Not to mention, there is a lot of good things to say about a game that lets you complete its battle passes at your own pace. The hard-earned money that players will spend will never be lost.
I know what you’re thinking. “Battle passes and seasons are meant to drive engagement and increase player retention, how does making them permanent benefit 343 Industries?”
Well, Dear Reader, the answer to that is quite simple. It doesn’t benefit 343 Industries directly, it benefits the players. However, the studio will reap some hefty rewards nonetheless.
For starters, fans and media outlets are already speaking highly of 343 Industries’ battle pass philosophy. It goes without saying that good press and word of mouth are powerful marketing tools. Secondly, the jaded gamer in me can’t help but think that keeping every battle pass for sale will increase revenue. Why offer something for a limited time when it can be purchased throughout the game’s life cycle?
As players discover the game and see the positive impact 343 Industries’ battle pass philosophy has on them, consumer sentiment will inevitably shift toward desiring similar systems in other games.
And lets face it, if a series like Halo can do it, other Triple-A studios will be hard-pressed to explain why they can’t. Or why they won’t.

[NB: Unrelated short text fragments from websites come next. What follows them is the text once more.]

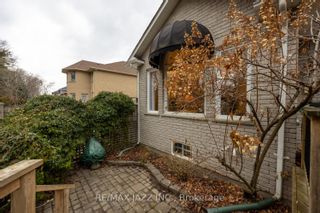 Photo 26: 288 Ryerson Crescent in Oshawa: Samac House (2-Storey) for sale : MLS®# E7320738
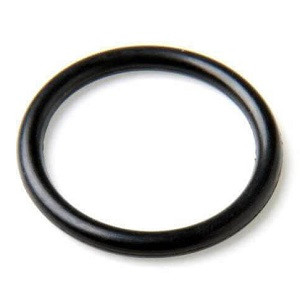 Gelmatic - O-ring 17.86x2.62 - 110107.02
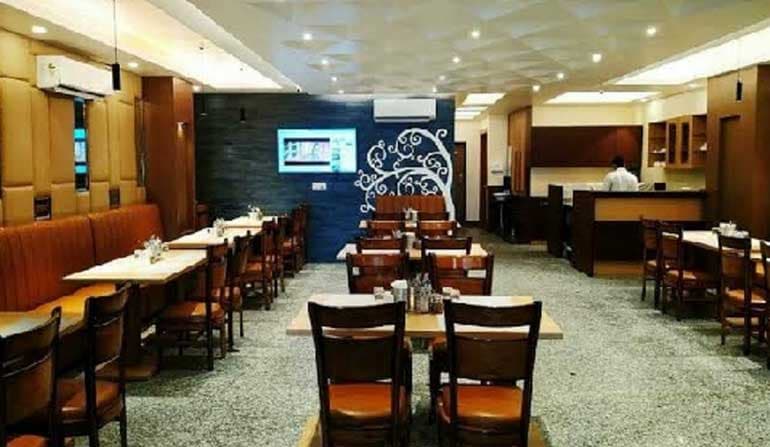 venue-img
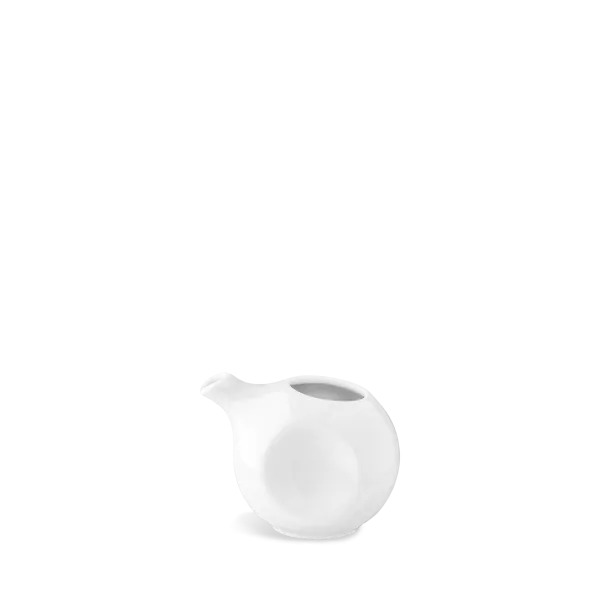 ISB3608.png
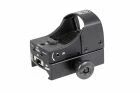 Mini sight CORE Specna Arms back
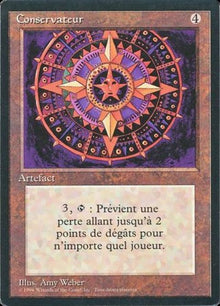 241-conservator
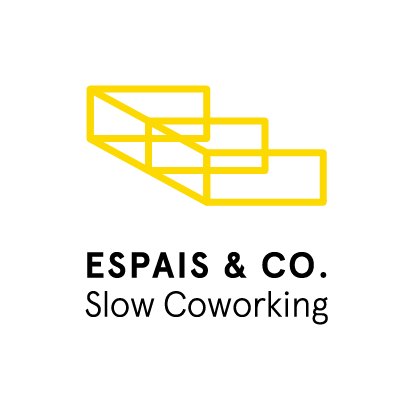 Espais & Co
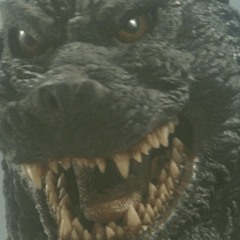 Godzilla vs. Godzilla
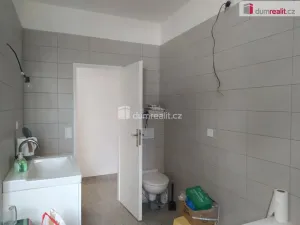 Prodej bytu 4+kk, České Budějovice - České Budějovice 2, České Vrbné, 150 m2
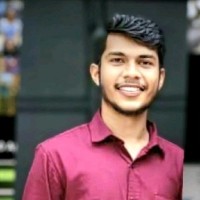 Sampath G.D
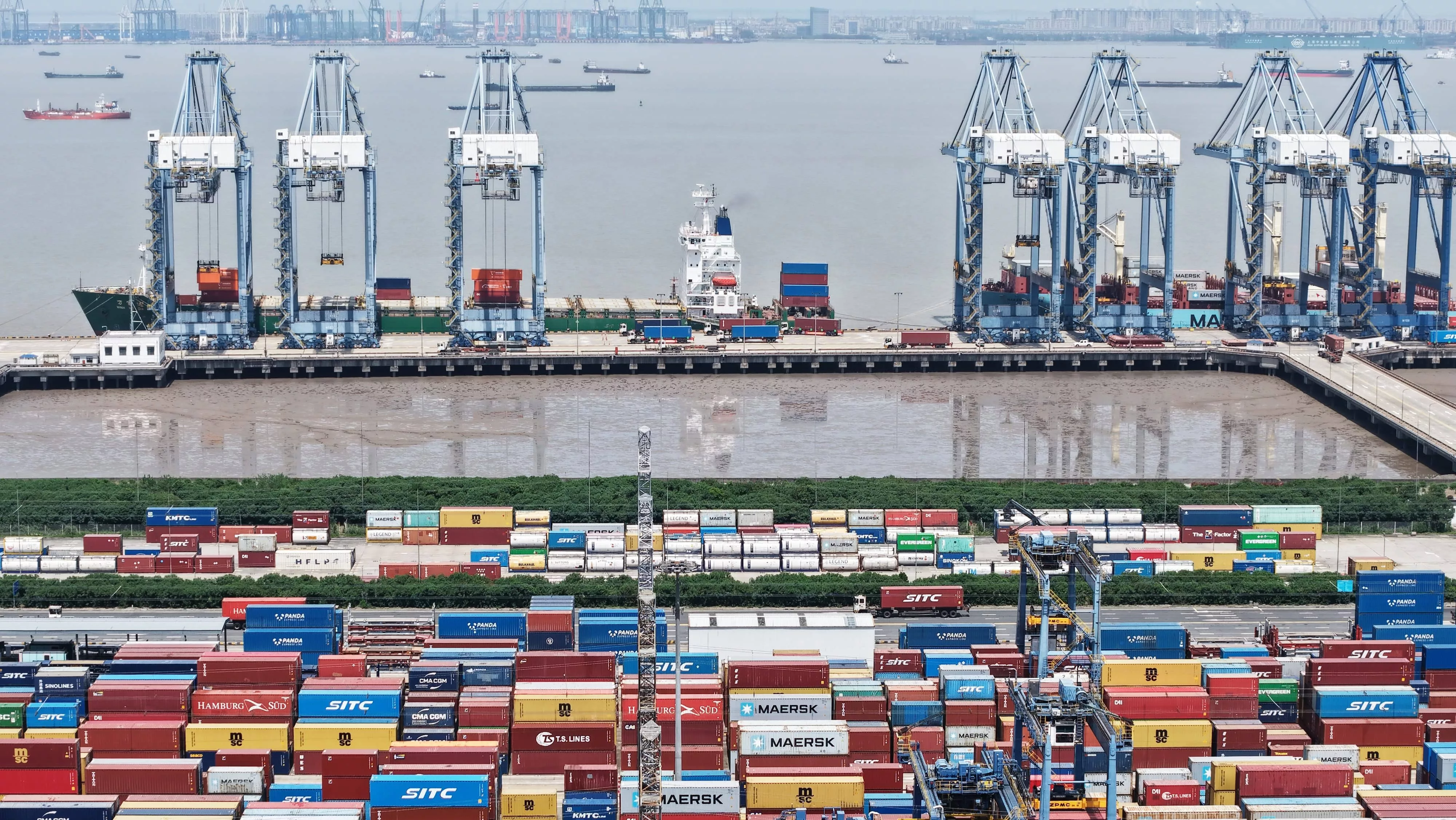 china-china-us-tariff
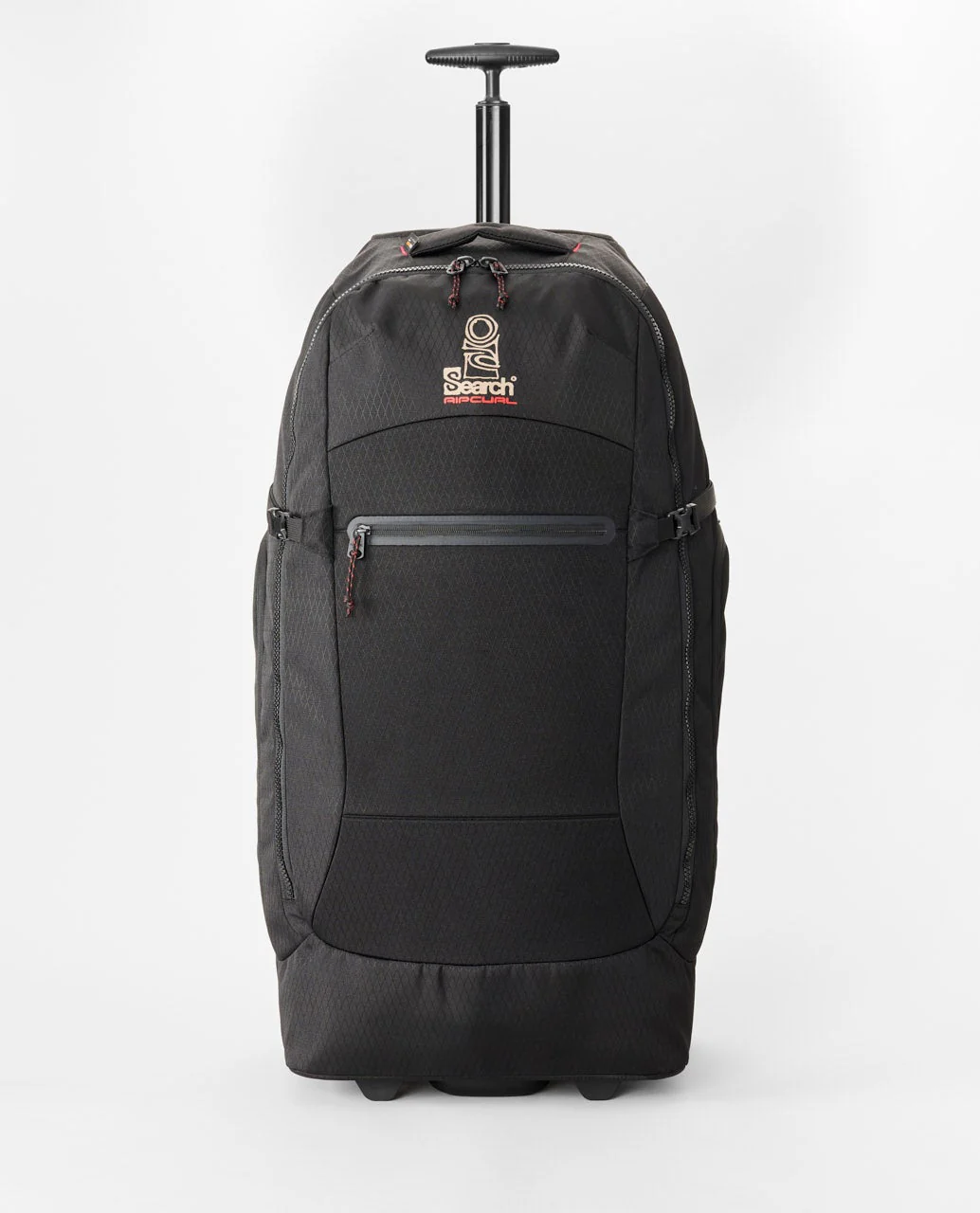 F-Light Cordura Hybrid 70L Backpack Travel Bag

Halo Infinite: 343 Industries’ Power Play
Most of all, this is a statement by 343 Industries. A statement that players and their enjoyment of the game are the priority. It also tells me that they are confident in the game. That they believe it will be a great experience for players. Simply put, Halo Infinite will keep players engaged and returning because it’s just that fun to play. No need to lock people in with time-limited content.
Just like Halo: Combat Evolved modernized first-person shooters back in 2001, Halo Infinite will revolutionize how studios implement seasons and battle passes in their games.
Halo Infinite will be available for Xbox and PC this Holiday.